Judges Frances Gull and John F. Surbeck Jr. of the Criminal Division and Stanley Levine of the Civil Division have each served at least two six-year terms on the bench, while Craig Bobay, was a magistrate for 16 years before being named to the bench in the Civil Division by Gov. Mike Pence in 2013.
Judicial races are a little different in the political process, because they are non-partisan and have a capped spending limit of $10,000 for each campaign. The participants also have ethical standards that dictate how much they might say about other candidates who might compete against them.
Instead, with so much time on the bench, the four judges have a litany of programs they have created or guided, as well as accomplishments they have earned, to point toward as to why they believe voters in Allen County should feel comfortable with their remaining on the bench.

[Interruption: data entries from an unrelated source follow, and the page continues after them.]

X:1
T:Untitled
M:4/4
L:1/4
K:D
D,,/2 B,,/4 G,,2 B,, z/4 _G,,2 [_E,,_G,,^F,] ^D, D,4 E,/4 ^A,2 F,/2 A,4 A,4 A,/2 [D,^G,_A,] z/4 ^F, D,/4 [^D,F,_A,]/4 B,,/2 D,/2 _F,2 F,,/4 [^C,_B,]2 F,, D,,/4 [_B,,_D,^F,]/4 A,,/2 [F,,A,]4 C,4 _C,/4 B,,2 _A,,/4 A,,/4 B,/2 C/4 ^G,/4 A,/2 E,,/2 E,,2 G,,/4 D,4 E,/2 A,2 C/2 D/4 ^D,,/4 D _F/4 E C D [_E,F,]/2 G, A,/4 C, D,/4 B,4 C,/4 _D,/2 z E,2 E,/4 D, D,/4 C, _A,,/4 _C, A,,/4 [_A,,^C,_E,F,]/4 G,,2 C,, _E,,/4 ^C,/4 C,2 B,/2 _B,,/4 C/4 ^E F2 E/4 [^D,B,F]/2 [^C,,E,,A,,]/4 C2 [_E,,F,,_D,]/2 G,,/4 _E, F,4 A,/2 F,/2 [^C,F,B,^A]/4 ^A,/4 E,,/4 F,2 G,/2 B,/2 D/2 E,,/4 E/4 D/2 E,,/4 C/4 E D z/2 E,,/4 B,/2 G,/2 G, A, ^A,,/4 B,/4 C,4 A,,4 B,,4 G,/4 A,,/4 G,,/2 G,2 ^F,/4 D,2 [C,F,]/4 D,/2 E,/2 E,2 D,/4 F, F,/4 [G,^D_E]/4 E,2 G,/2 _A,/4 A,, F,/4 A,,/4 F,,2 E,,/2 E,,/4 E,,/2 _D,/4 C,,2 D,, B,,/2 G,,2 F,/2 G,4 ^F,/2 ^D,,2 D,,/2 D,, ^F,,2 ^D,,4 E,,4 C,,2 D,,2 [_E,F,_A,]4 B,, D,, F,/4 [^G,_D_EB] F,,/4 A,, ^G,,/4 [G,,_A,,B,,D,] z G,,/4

Bobay is the supervising judge of the Small Claims Division, while Gull is the presiding judge of the Allen County Drug Court and co-founder with Judge Thomas Felts of Allen Circuit Court of the Veterans Court.
Gull also is a former chief deputy prosecutor for the Allen County Prosecutor's Office's Criminal Division. She has been on the bench since 1997 and has been re-elected twice.
Surbeck, who has been on the bench since 1988 and has been re-elected three times, served for 16 years as deputy public defender and is the presiding judge of the Allen County Re-Entry Court, which attempts to ease individuals back into society after incarceration.
Levine has been on the bench since 1999 and has been re-elected twice. He rose to the rank of captain in the Indiana Air National Guard and is a past president of the Allen County Bar Association.
Most importantly, from the judges' perspective: Each still has a passion to serve and, in the case of the Criminal Division judges, feel they work well as a team with Judge Wendy Davis and others who help to comprise the judicial branch in Allen County.
"They've been a really neat team to work with, between Fran and Wendy and our magistrates, and then all of our program people, there's an ever-widening circle of a team," Surbeck said.
The specific programming the judges are heavily involved with also benefit from the continuity of having long-serving judges, as Gull explained.
"I mean, the beauty and the success of problem-solving courts...drafts directly on the shoulders of the judge. So to have the continuous judicial oversight and intervention, I believe, is critical," Gull said.